━━ Given information ━━

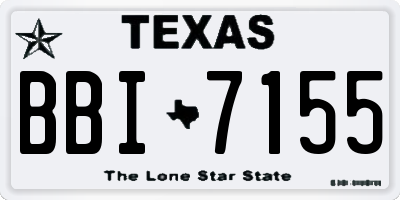 TX license plate BBI7155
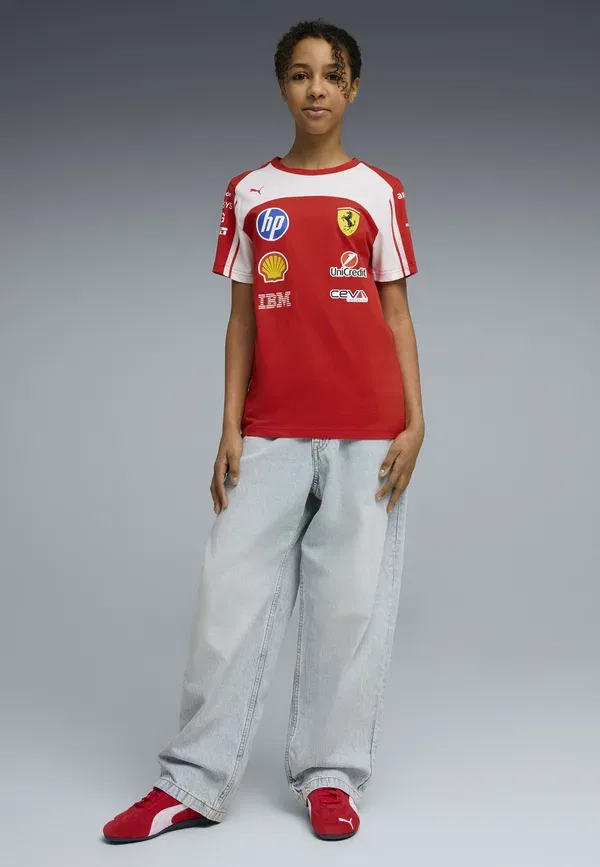 Футболка Scuderia Ferrari HP Replica T-Shirt Print T-Shirt Puma, красный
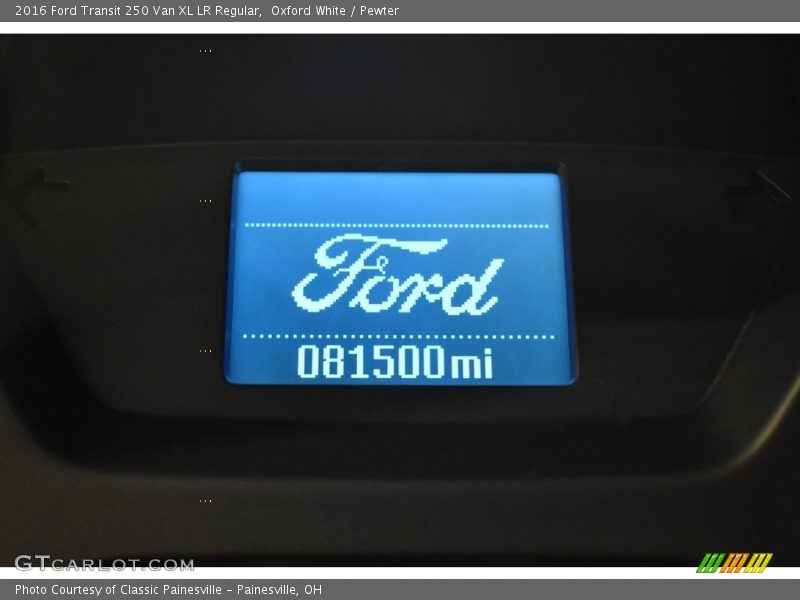 Oxford White / Pewter 2016 Ford Transit 250 Van XL LR Regular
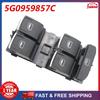 Passend für Volkswagen Carfter Golf Mk7 Tiguan Touran 5GM867255A 5G0959857E 5G0959857C Auto Vorne Links Elektrischer Hauptfensterschalter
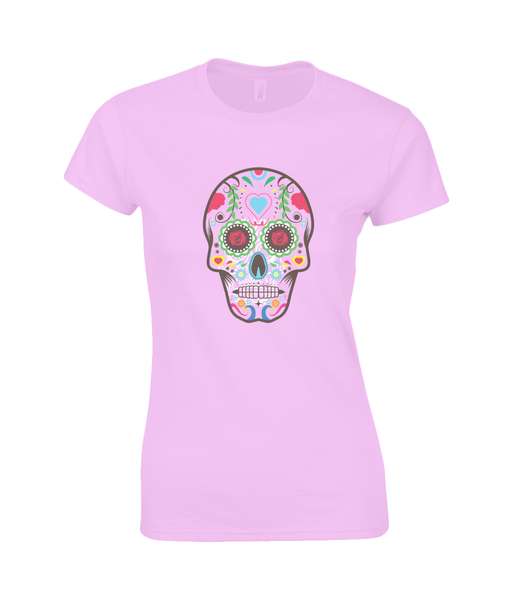 Ladies SoftStyle T-Shirt - Gildan skull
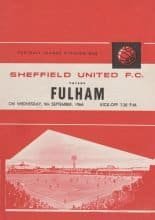 Sheffield United v Fulham  09-Sep-1964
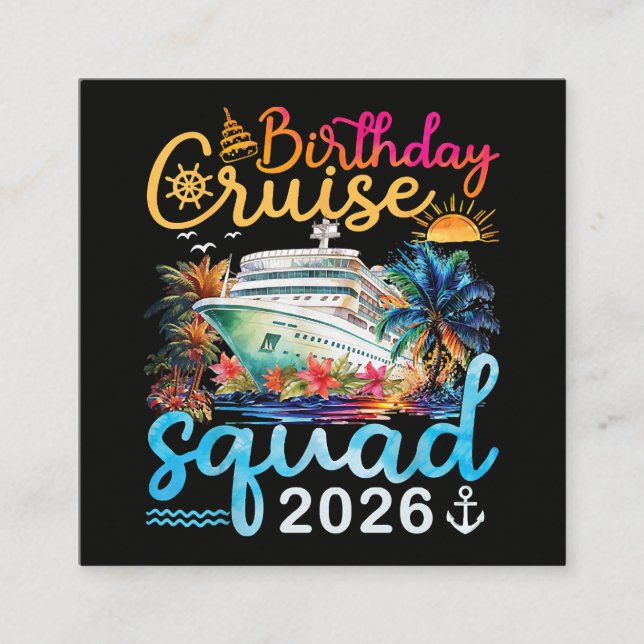 Födelsedags Kryssningsgäng 2026 Tilläggskort (Framsida)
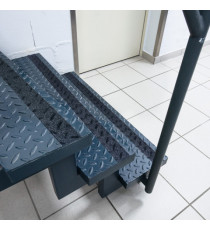 Nastro adesivo antiscivolo DURALINE GRIP+ FORMFIT - 5 cm x 15 m - nero - Durable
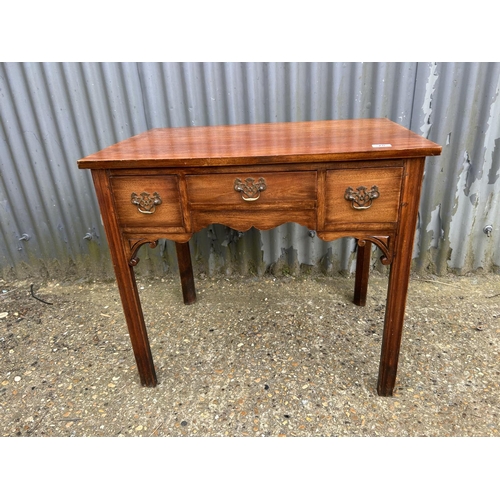 78 - A mahogany three drawer lowboy table  l79x54x70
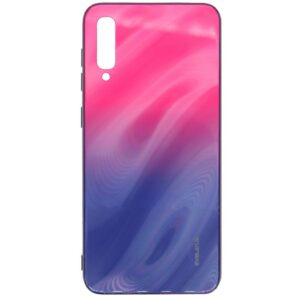 Nugarėlės dėklai Evelatus Samsung A50 Water Ripple Gradient Color Anti-Explosion Tempered Glass Case Gradient Pink-Purple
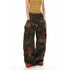 ZHIZOU Women's High Waist Camouflage Cargo Pants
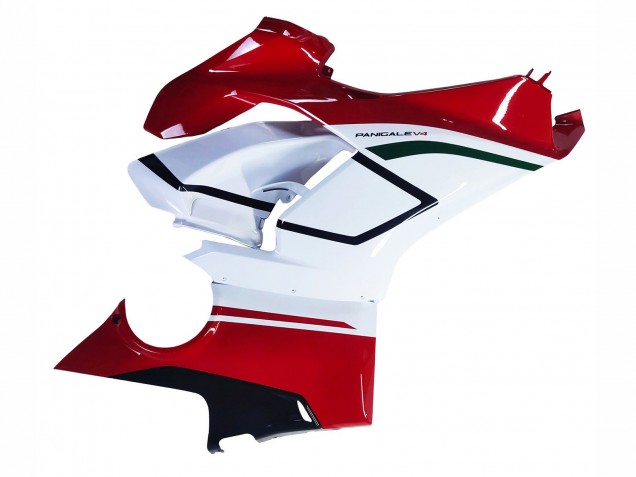 2018-2019 Ducati Panigale V4 V4S Motorcycle Fairings - White Red Green Glossy Black Australia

━━━

— What the task asks —
Starting at the line that contains "Nugarėlės dėklai Evelatus" and ending at the final line of the data, reproduce each line exactly. Pictures stay out of the copy.

— Answer for this exercise —
 Nugarėlės dėklai Evelatus Samsung A50 Water Ripple Gradient Color Anti-Explosion Tempered Glass Case Gradient Pink-Purple
 ZHIZOU Women's High Waist Camouflage Cargo Pants
 2018-2019 Ducati Panigale V4 V4S Motorcycle Fairings - White Red Green Glossy Black Australia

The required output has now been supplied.